Hi -- firstly, great library -- thank you!

I have noticed an issue, however. I'm using a fairly typical Spring Boot + Thymeleaf setup, using Spring Boot 3.1.0-M1.

As an example:

    @HxTrigger("this-never-gets-set")
    @GetMapping("/cormac")
    @ResponseBody
    public String cormac(Model model, HttpServletResponse response) {
        response.setHeader("this-will", "work-okay");
        return "irrelevant";
    }

I am showing via code where I can set a header manually (i.e., this will work), but HxTrigger does NOT ultimately manage to set a header. It does try though (so that's fine), but, down the stack the header setting gets ignored because the request is actually committed already, and so the final response.setHeader(...) (after all the wrappers) doesn't ultimately get called. E.g., isCommitted() is true here in org.apache.catalina.connector.ResponseFacade's:

    @Override
    public void setHeader(String name, String value) {
        if (isCommitted()) {
            return;
        }

        response.setHeader(name, value);
    }

Ultimately, if you keep following this, you can see that the underlying Response.java's committed boolean is true.

HandlerInterceptorAdapters will not work with @ResponseBody and ResponseEntity methods because they are handled by StringHttpMessageConverter, which writes to and commits the response before postHandle(...) is ever called, which basically makes it impossible to change the response (although, it doesn't complain -- stuff just silently gets ignored).

I do notice you have a @ResponseBody test, but I think without a more realistic Spring context setup, you wouldn't see this issue in a what's basically unit test.

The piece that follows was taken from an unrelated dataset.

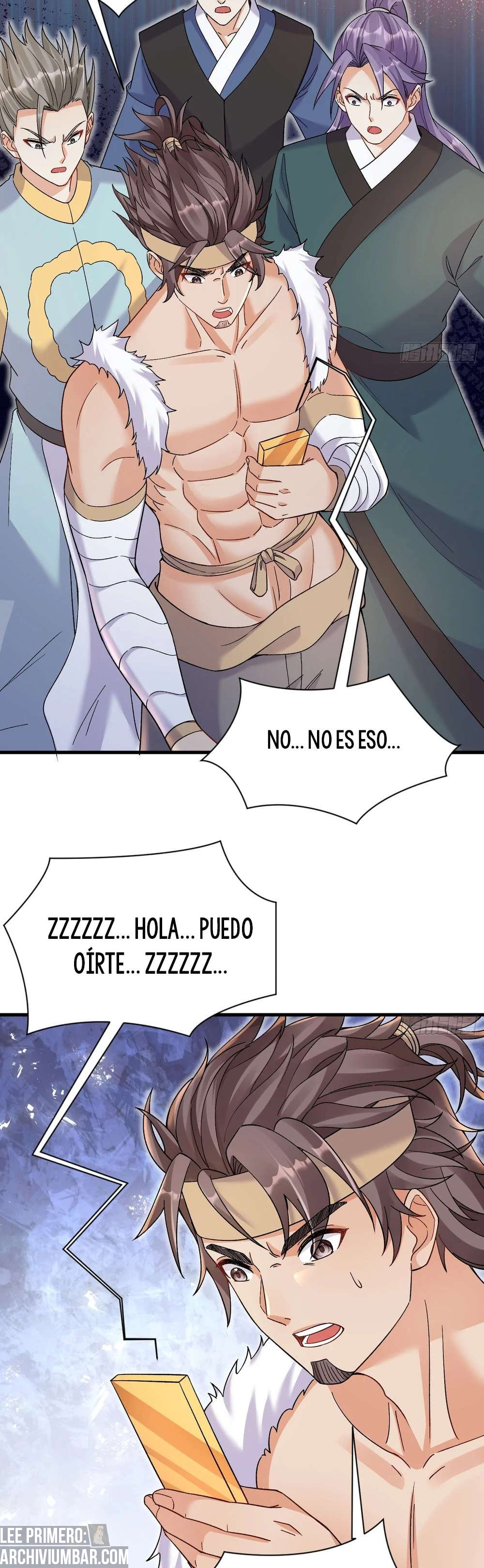 Soy Invencible — Capítulo 8 — 17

Check here, some people chatting about very similar issues:

spring-projects/spring-framework#13864
https://stackoverflow.com/questions/48823794/spring-interceptor-doesnt-add-header-to-restcontroller-services

So, I think preHandle(...) is the way to go and your use-case (just checking for annotated methods) is pretty simple, so I don't see any downsides to it or any need to do this in postHandle(...).

Update: I opened a PR with the suggested change.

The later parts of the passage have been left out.